_WORK TO COMPLETE_
Set down the data below from its first line to the line holding "Rothy's Rothy's The", inclusive; omit all pictures.

_GIVEN DATA_

»»

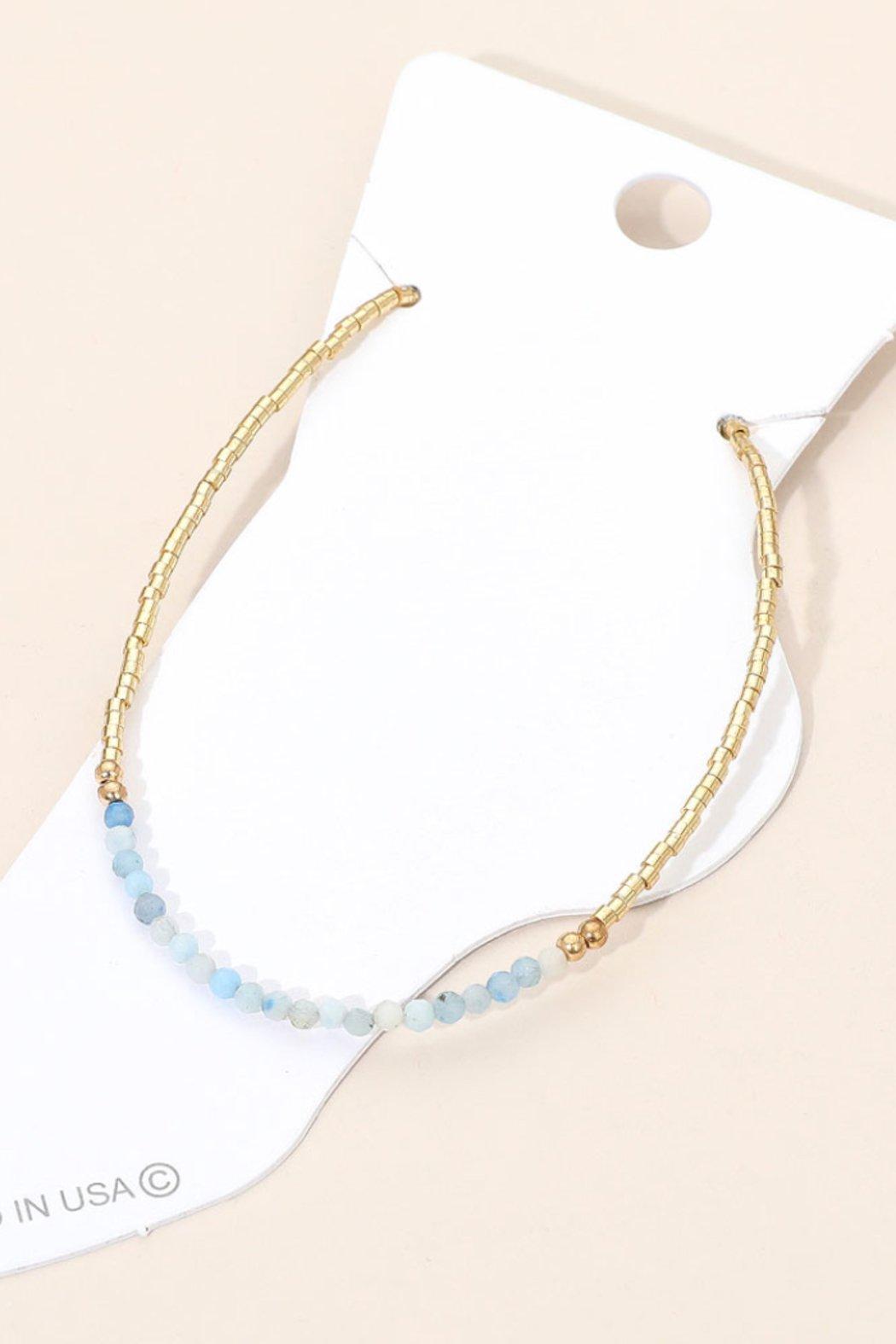 Faceted Beaded Anklet Product Image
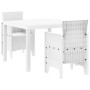 Conjunto de Comedor de Jardín de 3 Piezas Blanco de Ratán Sintético von , Gartentische - Ref: Foro24-3378682, Preis: 157,15 €...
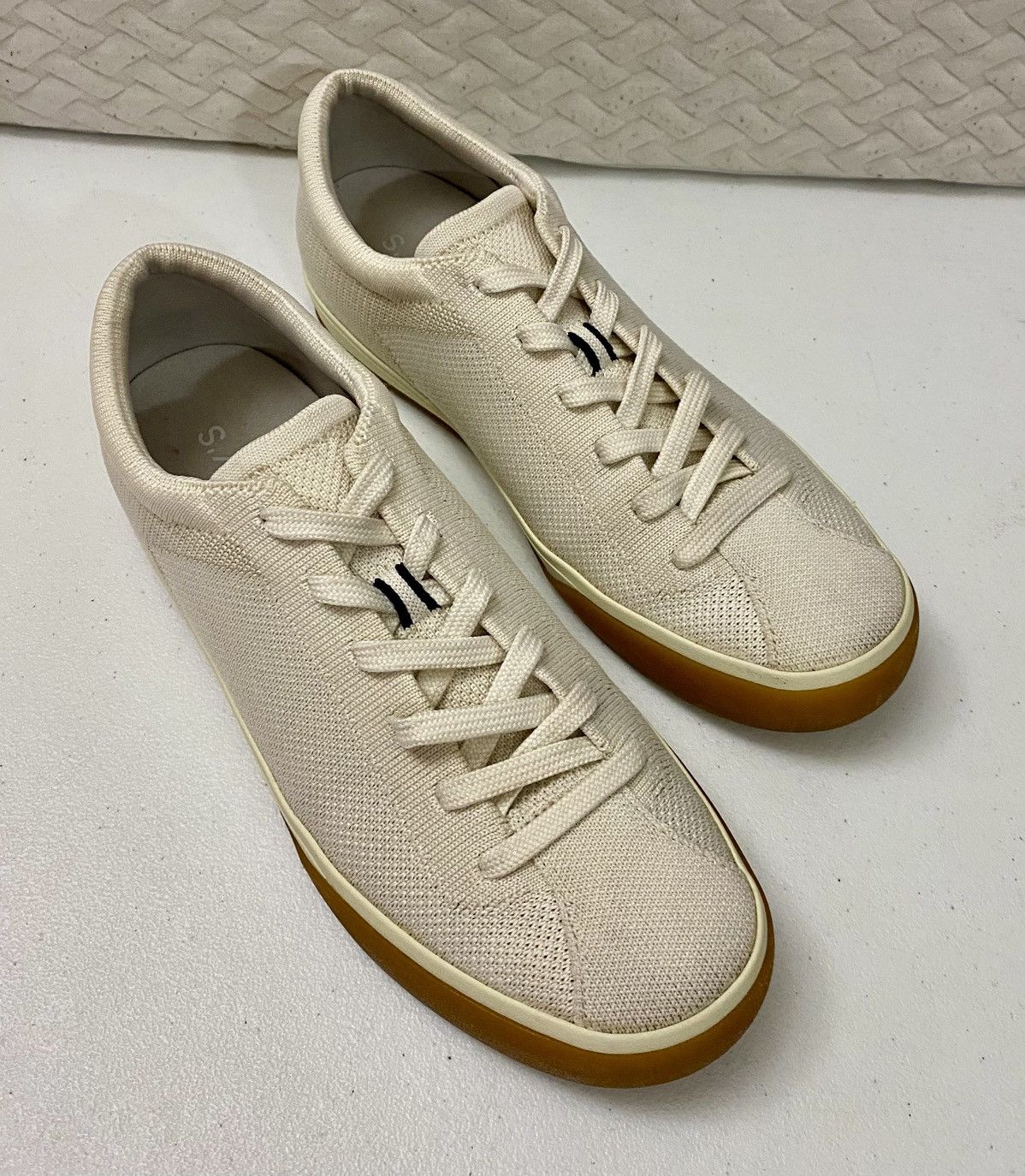 Rothy's Rothy's The Lace Up Sneakers Women's 9 US Blond Knit 9 US Size US 9 / IT 39 - 10 Thumbnail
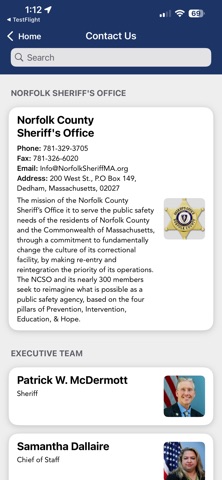 Norfolk County Sheriff MA Screenshot 2 of 3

««

_EXERCISE ANSWER_
 Faceted Beaded Anklet Product Image
 Conjunto de Comedor de Jardín de 3 Piezas Blanco de Ratán Sintético von , Gartentische - Ref: Foro24-3378682, Preis: 157,15 €...
 Rothy's Rothy's The Lace Up Sneakers Women's 9 US Blond Knit 9 US Size US 9 / IT 39 - 10 Thumbnail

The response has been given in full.